Elon Musk recently pronounced that the next Neuralink project will be a “Blindsight” cortical implant to restore vision: “Resolution will be low at first, like early Nintendo graphics, but ultimately may exceed normal human vision.”
Unfortunately, this claim rests on the fallacy that neurons in the brain are like pixels on a screen. It’s not surprising that engineers often assume that “more pixels equals better vision.” After all, that is how monitors and phone screens work.
In our newly published research, we created a computational model of human vision to simulate what sort of vision an extremely high-resolution cortical implant might provide. A movie of a cat with a resolution of 45,000 pixels is sharp and clear. A movie generated using a simplified version of a model of 45,000 cortical electrodes, each of which stimulates a single neuron, still has a recognizable cat but most of the details of the scene are lost.
The reason why the movie generated by electrodes is so blurry is because neurons in the human visual cortex do not represent tiny dots or pixels. Instead, each neuron has a particular receptive field, which is the location and pattern a visual stimulus must have in order to make that neuron fire. Electrically stimulating a single neuron produces a blob whose appearance is determined by that neuron’s receptive field.

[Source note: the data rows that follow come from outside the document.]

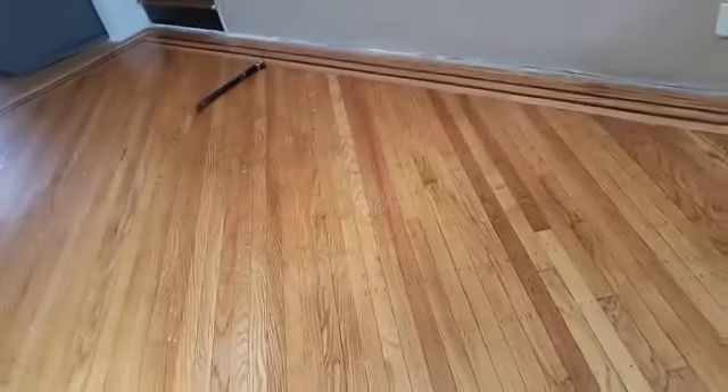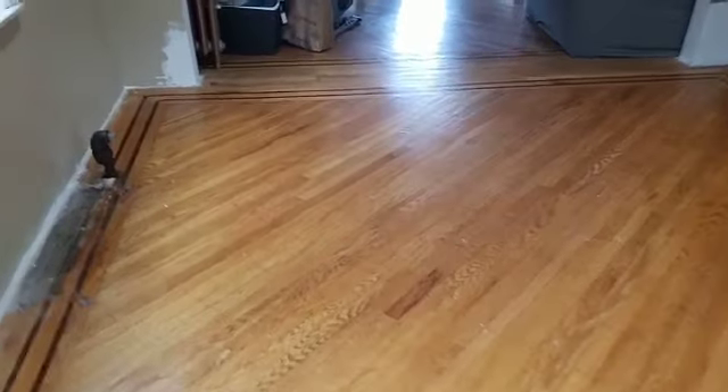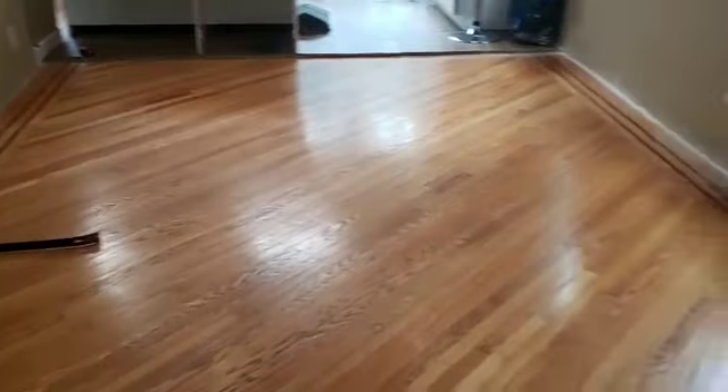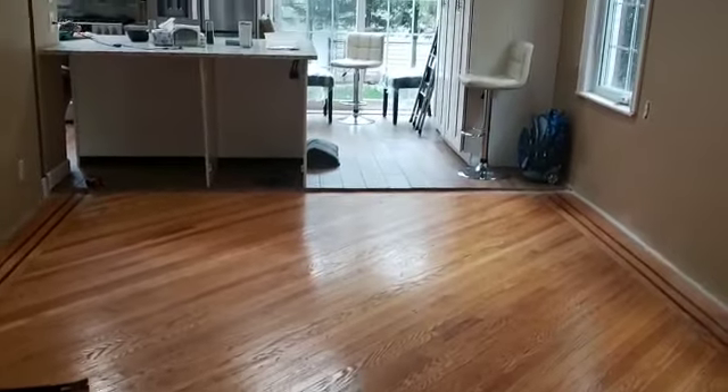Here we go, getting ready, getting everything squared away. We're about to lay this hardwood floor down. We're gonna give you guys a look as things progress — you could take a front seat to the art unfolding. More videos to come, keep watching this space. Us plus Bill, you know what we do.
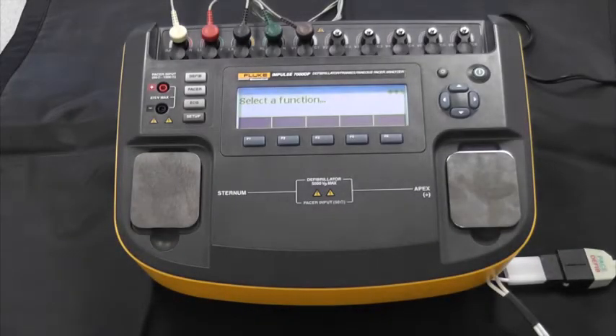I want to talk about the Impulse 7000 defibrillator and pacemaker analyzer from Fluke Biomedical. This is the Impulse 7000 — you can see we have it all set up, with some ECG leads connected to it. This unit is designed for testing any defibrillator, including AEDs, and the transcutaneous temporary pacemakers that are integrated into defibrillators.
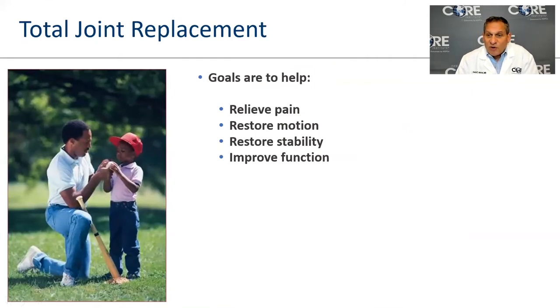Joint replacement — arthroplasty — is done to help pain, restore motion, improve stability, and improve function. You are not going to have a joint replacement and return to what you remember you used to be. You'll have it to do the things you currently do, hopefully better and with less pain.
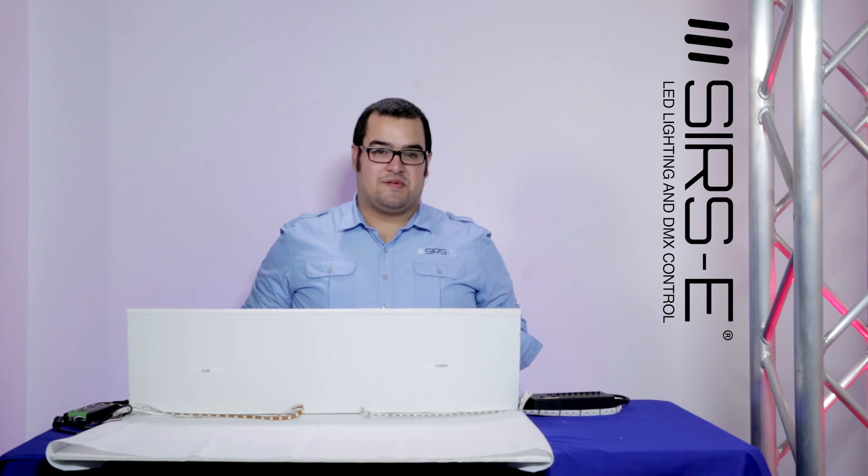Hi guys, my name is Jorge here from Cersei Electronics, and today I would like to show you a comparison between the RGB and the RGBW LED strips.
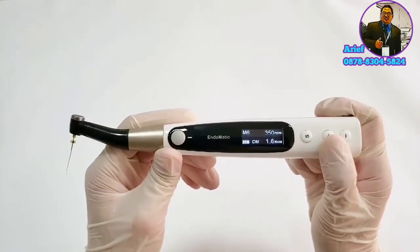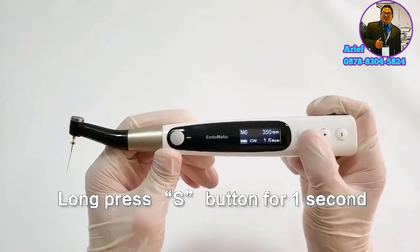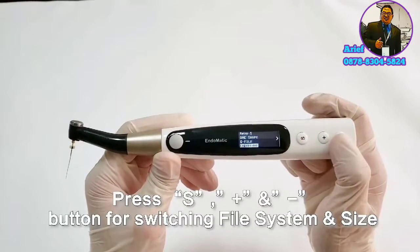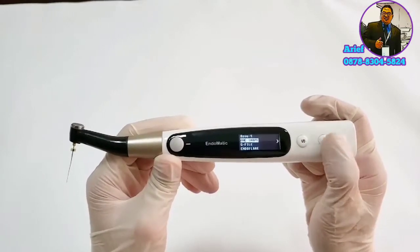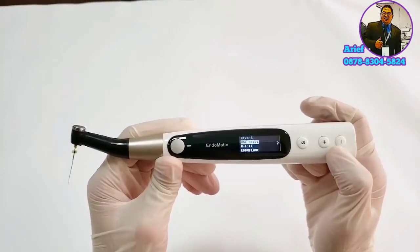You can select different file systems according to your demand. Long press the S button for one second, then you can select these 30 file systems and file size by pressing the S button and the minus and plus buttons.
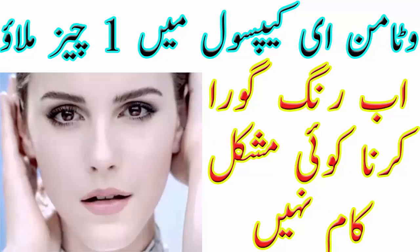آج میں آپ لوگوں کے ساتھ رنگ گورا کرنے کے لیے زبردست وائٹننگ سیرم شیئر کروں گی۔ آج میں آپ کو رنگ گورا کرنے کے لیے بہت ہی آسان اور زبردست گھریلو ٹوٹکا بتاؤں گی جس سے آپ کی رنگت چند دنوں میں کافی حد تک نکھر جائے گی۔ تو چلیے شروع کرتے ہیں، پر اس سے پہلے پلیز میری چینل کو سبسکرائب کر لیجیے اور بیل آئیکن کو دبائیے ہر لیٹسٹ بیوٹی اپ ڈیٹ کو سب سے پہلے پانے کے لیے۔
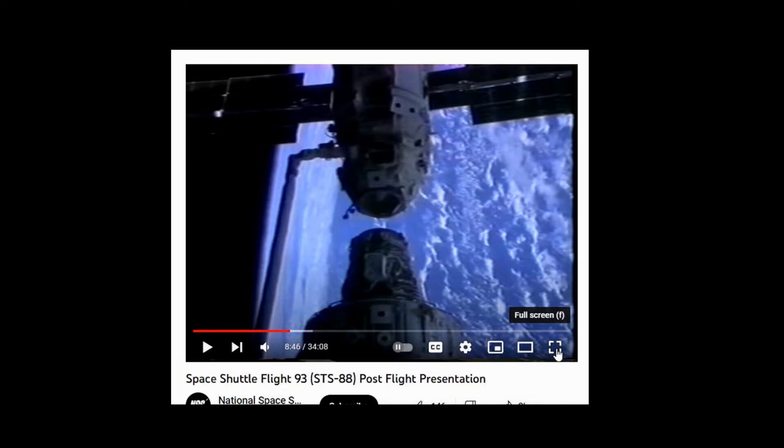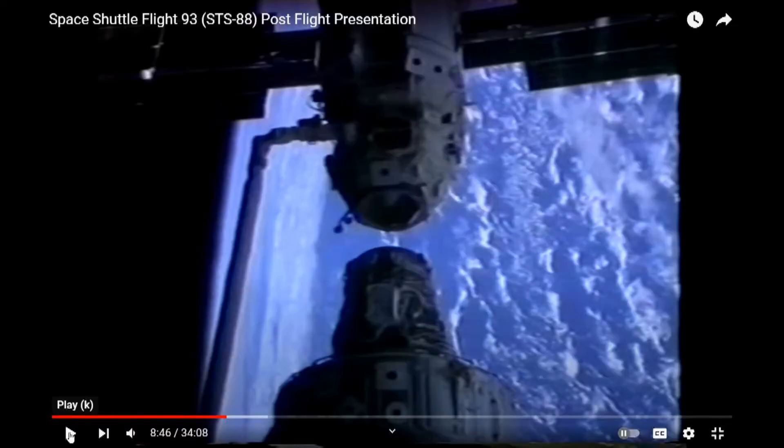I'm going to show you guys something that's rather peculiar from this video. It looks like they are joining two large components together. I'll let this part of the video play and then I'll come back.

The tiniest electrode – one that stimulates a single neuron – will produce a blob that is roughly the size of your pinkie’s width held at arm’s length.
Consider what happens when you look at a single star in the night sky. Each point in space is represented by many thousands of neurons with overlapping receptive fields. A tiny spot of light, such as a star, results in a complex pattern of firing across all these neurons.
To generate the visual experience of seeing a single star with cortical stimulation, you would need to reproduce a pattern of neural responses that is similar to the pattern that would be produced by natural vision.